The nouns of a language divide the world into categories of objects and substances. Verbs, prepositions, and postpositions break things down in a quite different way from nouns, singling out relations between the objects which the nouns refer to. Spatial relations are an important subcategory, and what is striking here is the relatively small number of discrete spatial relation categories that each language makes available. The relation term itself may be a preposition, postposition, verb, or even a noun inflection; morphological details will not concern us further. A complete spatial relation expression includes, in addition to the relation term itself, two noun phrases, representing the thing being related (the trajector) and the thing it is being related to (the landmark). The choice of trajector and landmark matters: the stick is on the block does not mean the same thing as the block is under the stick.

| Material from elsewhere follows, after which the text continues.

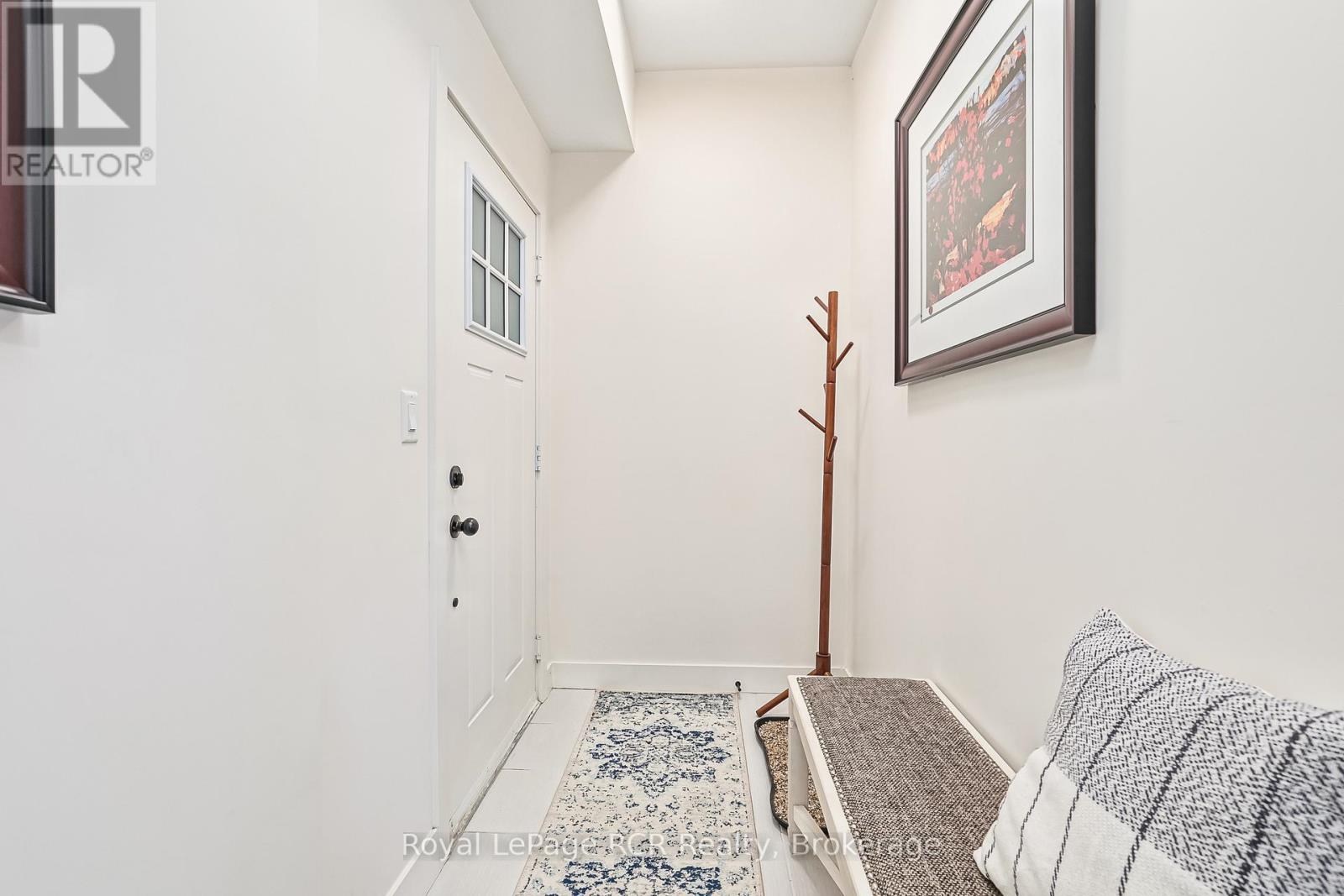 102 - 11 Beckwith Lane, Blue Mountains, Ontario L9Y 0C7 - Photo 16 - X12517164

Trajector seems to correlate with the perceptual figure [Herskovits, 1986, Langacker, 1987a].
Even a cursory examination of the spatial relation expressions in a subset of languages reveals that the space of possible relations is sliced up in a variety of ways. Consider some of the possibilities for encoding relations of CONTACT, SUPPORT, and CONTAINMENT between two objects [Landau, 1996]. Four possible arrangements of a trajector (black) and landmark (brown) are shown Figure 5. Spanish uses a single word, en, for all of them. English uses one word, on, for the two situations in which CONTAINMENT does not enter in and another, in, for situations in which the trajector is (at least partially) contained in the landmark. German distinguishes two kinds of situations for which English uses on: auf when the landmark is under the trajector, an when the trajector is fixed to a vertical surface of the landmark. Korean distinguishes two kinds of CONTAINMENT (and CONTACT) situations, those in which the trajector fits tightly within the landmark, for which sok is used, and those in which there is loose fit, for which ahn is used.
But it is not languages which ``slice up'' the world in particular ways (languages don't actually ``do'' anything); it is people. In any case our goal is to model individual language learners, not the entire linguistic communities which embody particular languages. Descriptions of language and particular languages are useful to us only insofar as they give us clues about what people must learn to do in order to learn language.
Linguistic descriptions tell us that language is to a large extent about objects; thus a major task for language users and language learners is to find and categorize objects in the world. Within the visual-spatial world, they must be able to (1) segregate a scene into distinct regions associated with distinct objects, (2) cognitively ``bind'' together the features associated with each distinct object, and (3) assign these cognitive objects to the categories represented by the different nouns of the language. In Section 4.2.3 we discuss a mechanism which satisfies these basic constraints.
Linguistics also tells us that all languages have ways of explicitly encoding relations, so people must be able to find relations in the world and categorize them appropriately. Even if we assume that each scene contains only one salient relation, they must have the ability to (1) segregate a scene into distinct objects and bind their features together ((1) and (2) above), (2) cognitively bind together the relational features associated with a given candidate relation, (3) assign trajector and landmark status to the related objects, and (4) assign the cognitive representation of relations to the categories represented by the different relation terms of the language. We believe that these requirements point to an explicit way of representing relational information. Furthermore, since languages differ considerably in the sort of breakdown they make within the space of possible relations, the human capacity to represent and learn spatial relations must be a flexible one. Rather than a set of pre-existing relational categories, what is called for is a set of relational building blocks from which the relational categories of different languages can be assembled. In Section 4.2.4 we describe a representational scheme of this type.